Donatella & Anna Camping

This year’s Vogue’s Forces of Fashion biggest highlight? A conversation between two friends, Anna Wintour and Donatella Versace. And the personal photos they’ve shared with the audience (and the readers, right here). The above photo seems to be unreal! But it really happened. That’s the only camp I would love to go to. But also, how CAMP is this entire situation?! Now, have a great Sunday.

Camp Picasso. Moschino SS20

I still can’t believe that I’m writing about Jeremy Scott‘s Moschino. But his camp-y, silly, fun spring-summer 2020 collection just can’t be ignored. It was just as good as Franco Moscino’s Moschino. In a spectacle of art in motion, Scott’s line-up saw Pablo Picasso’s paintings reimagined as structured cocktail dresses.
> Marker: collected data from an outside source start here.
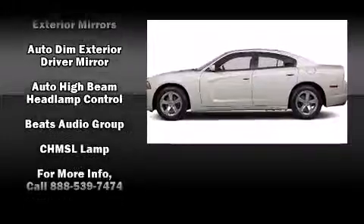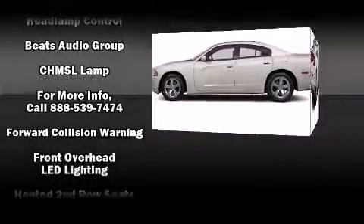With high-intensity discharge headlights illuminating your path, you'll always appreciate maximum visibility.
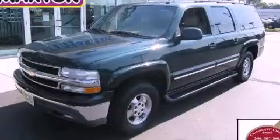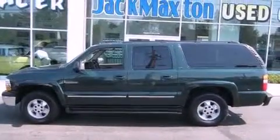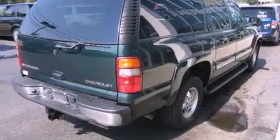This is a 2003 Chevrolet Suburban, a vehicle with safety, comfort, and space. It has a 5.3 liter 8-cylinder engine, an automatic transmission, and 4-wheel drive.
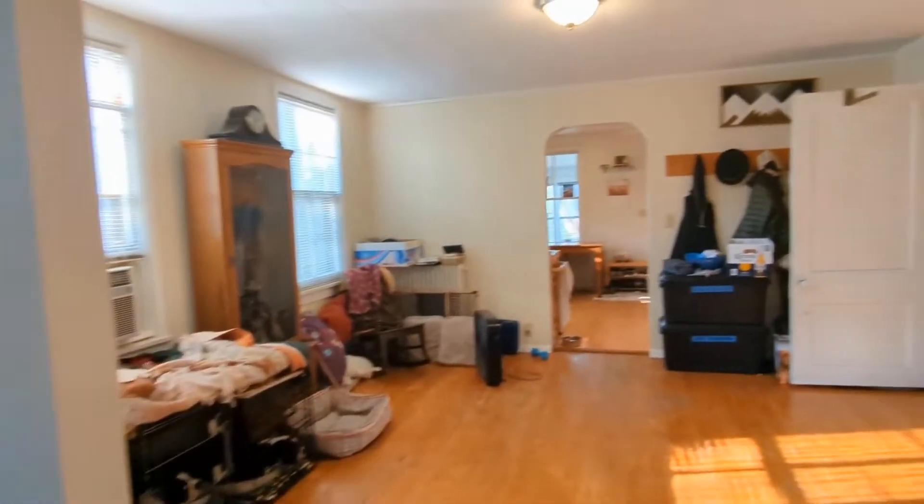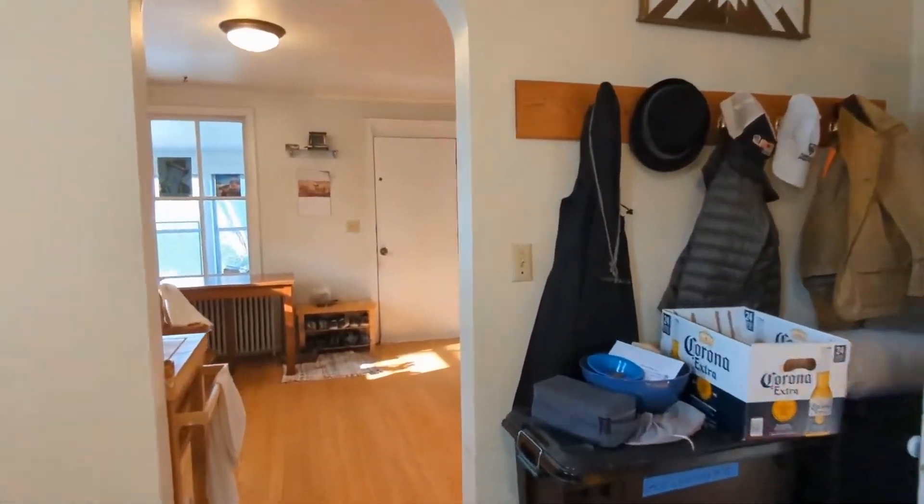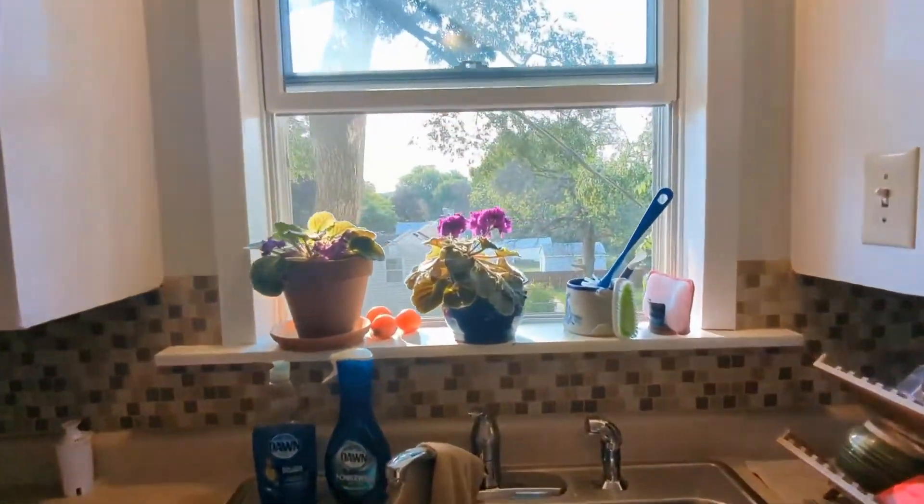If you are interested in this St. Paul, Minnesota rental property or want to know what other rentals are available in the area, contact us today. We are ready to help you find your next home. Thank you.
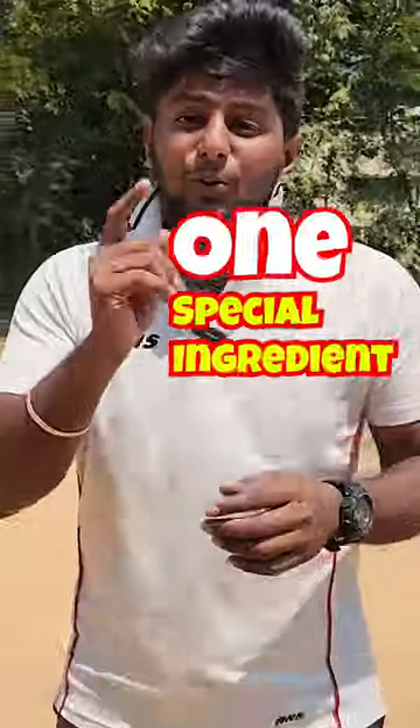If you have a spinner, it's an extraordinary wicket-taking spinner. You can add a special ingredient in your bowling. I'm going to explain and reveal this special ingredient.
The designer drew on the iconography of the artist, transforming his best known motifs into theatrical, exaggerated garments – a dress adorned with a Cubist guitar, blouses with big shoulders that were flattened into two dimensions – that really, really amaze. Models emerged through a carved gilt frame, and even wore a wide, boxy dress version, its edges embroidered to three dimensions with gold thread and filled with a canvas of a Cubist nude that covered the model’s body. “Artists inspire the world” – this was Jeremy’s thought behind the collection. They really do.

Collage by Edward Kanarecki.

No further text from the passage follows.